Más me preocupa la segunda declaración de incompetencia que tuvimos la oportunidad de escuchar en la noche de autos, la de Alberto Núñez Feijóo: "Si lo hubiera sabido, no me hubiese (sic) dedicado a la política ". Llegado desde la domesticada Galicia a la máquina de picar carne que es Madrid, el orensano no ha encontrado su sitio, no cabe encontrar en él otra estrategia que la de sustituir al actual presidente, ha seleccionado al más incompetente de los equipos posibles, no sabe qué hacer con Vox, y cuando se le produce una crisis… simplemente le estalla. Más le valdría empujar alguna de las puertas giratorias que aún le quedan y desaparecer de la escena.
Quedan aún los inevitables corpúsculos que acompañan a todos los procesos de descomposición orgánica. Se trata de los nacionalistas, empezando desde luego con los xenófobos -racistas y supremacistas- que forman la hueste del prófugo Puigdemont, pero no sólo éstos. Se les observa como hienas que se complacen en el hedor del cadáver a plazo fijo de lo que fue España y hoy habría que rebautizar de Expaña. Hunden con delectación sus fauces sobre músculos exánimes y muñones apenas unidos a un tronco común, inconscientes quizás de que el único sustento que les queda es ése, y que sin él sólo les resta servir de plato a otros, más radicales en sus posiciones extremistas que ellos, que haberlos haylos.
Y llegados aquí, ¿no existe nadie que resuelva el desastre, alguien que mande parar? No lo es el Rey, desde luego, porque carece de atribuciones constitucionales. Tampoco lo hará la UE, ya se nota el escaso interés que ha puesto el comisario Reynders ante el insólito encargo que le ha formulado el PP -otro más- para que medie en el desbloqueo del CGPJ. Quizás venga del propio PSOE -¿Page?- que esté dispuesto de una vez por todas de pasar de las palabras a los hechos.

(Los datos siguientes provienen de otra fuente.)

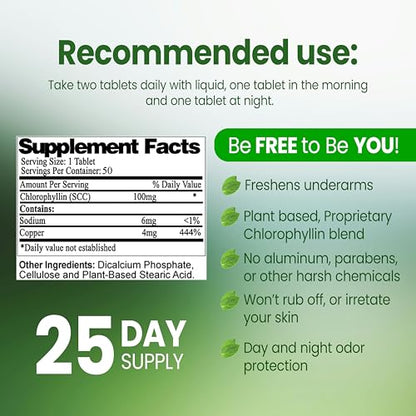 Body Mint Original - Chlorophyll Deodorizing Supplement for Full-Body Freshness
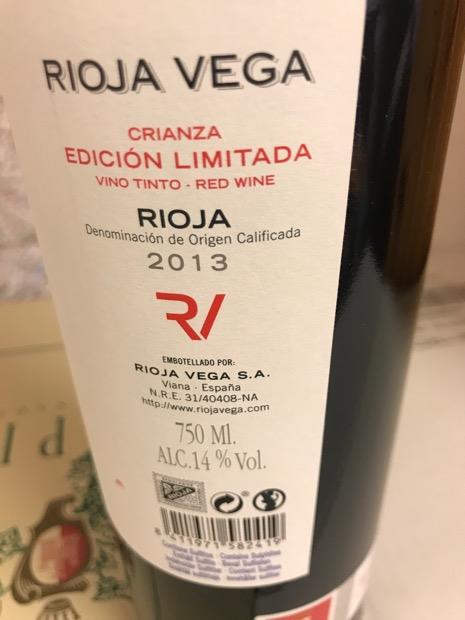 Vino Tinto Rioja Vega Crianza 750 Ml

Entretanto no se inquieten ustedes demasiado. Cobrarán sus pensiones, ajustadas ahora al IPC, aunque los jóvenes no puedan siquiera soñar con ellas; harán sus compras en temporada de rebajas, aunque la inflación ha disparado los precios de referencia; podrán disfrutar de apetitosos menús del día en restaurantes y de apurar alguna que otra caña en los bares, aunque deberán pagar más por lo mismo. Otra cosa será la calidad de los servicios públicos en una administración que ha engordado tanto que hasta ha dejado de proporcionarlos. Y de la España del turismo y de la fiesta... tampoco existe desenganche posible, aunque con 45⁰ de temperatura serán sólo algunos osados valientes los que se atrevan a visitarnos; lo mismo da, ha nevado en Navacerrada y hace frío, el verano se antoja hoy por hoy lejano.
A España no es preciso explicarla, basta con sentirla, con olerla. ¿No percibe usted una vaga pestilencia a cieno como el que se dice que desprendían los antiguos cementerios?